▸ **YOUR ASSIGNMENT**
Transcribe the records below in full; pictures stay out of the copy.

▸ **INPUT RECORDS**
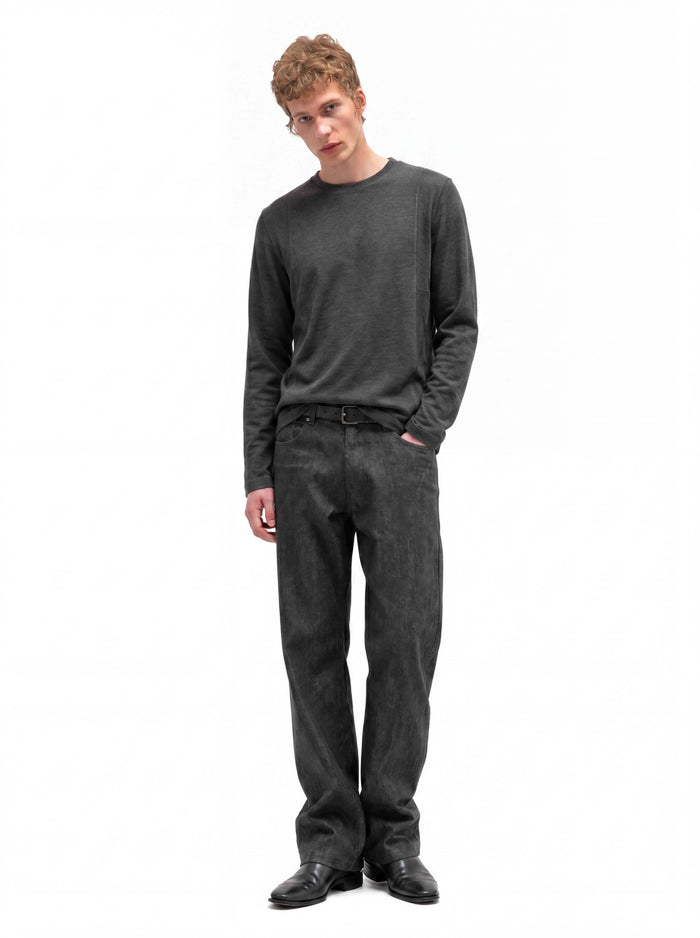 Full-length view of a man wearing a charcoal gray relaxed-fit long-sleeve crew neck shirt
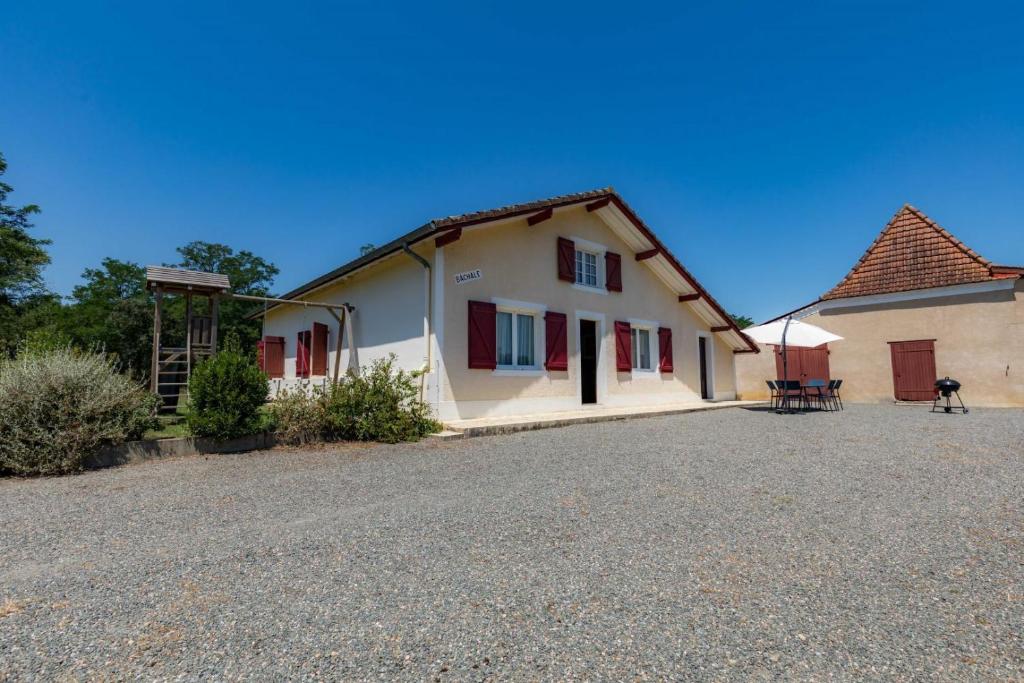 a white house with red shutters on a driveway at Bachale in Lamothe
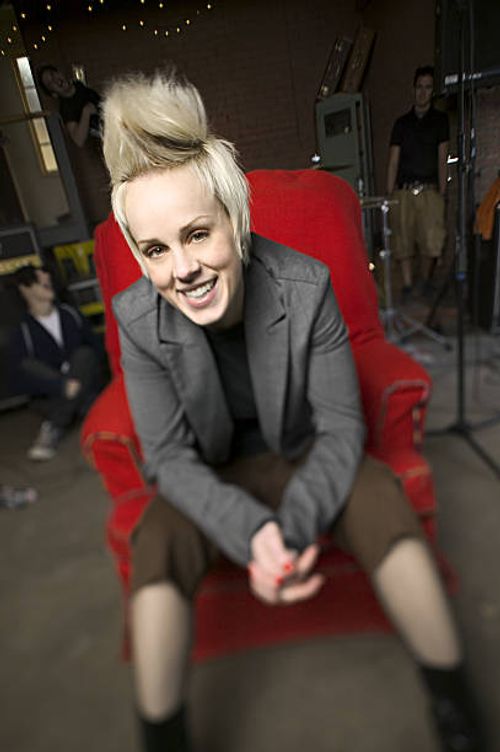 lifestyle portrait of a teenage blonde female as she sits in a chair with her friends behind her - she stock pictures, royalty-free photos & images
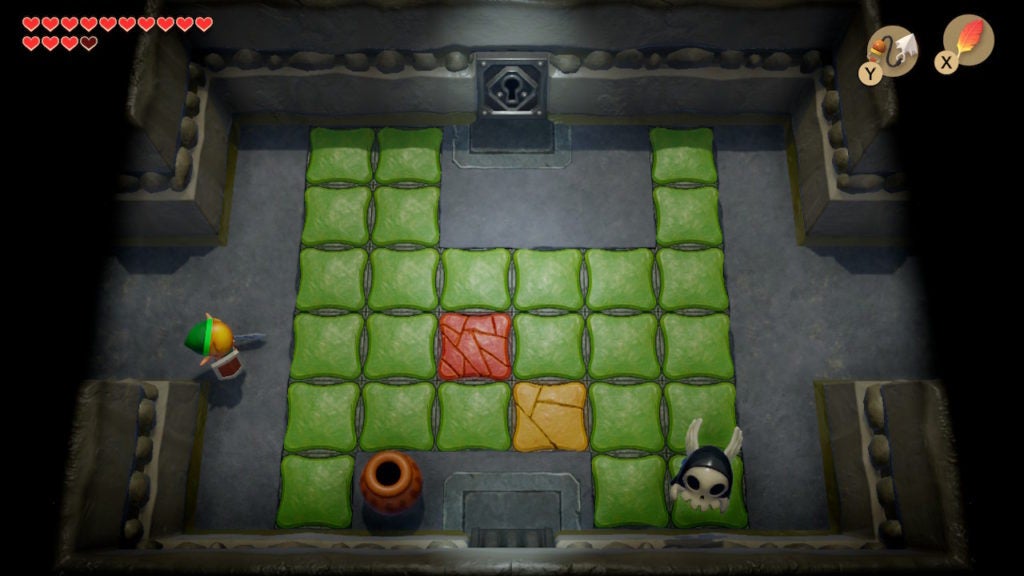 Link in a room with many green breakable floor tiles.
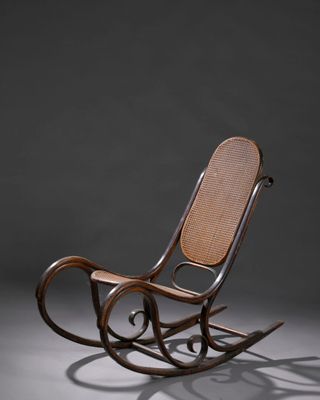un vieux fauteuil à bascule avec une assise en osier sur fond gris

▸ **RESPONSE TO THE EXERCISE**
 Full-length view of a man wearing a charcoal gray relaxed-fit long-sleeve crew neck shirt
 a white house with red shutters on a driveway at Bachale in Lamothe
 lifestyle portrait of a teenage blonde female as she sits in a chair with her friends behind her - she stock pictures, royalty-free photos & images
 Link in a room with many green breakable floor tiles.
un vieux fauteuil à bascule avec une assise en osier sur fond gris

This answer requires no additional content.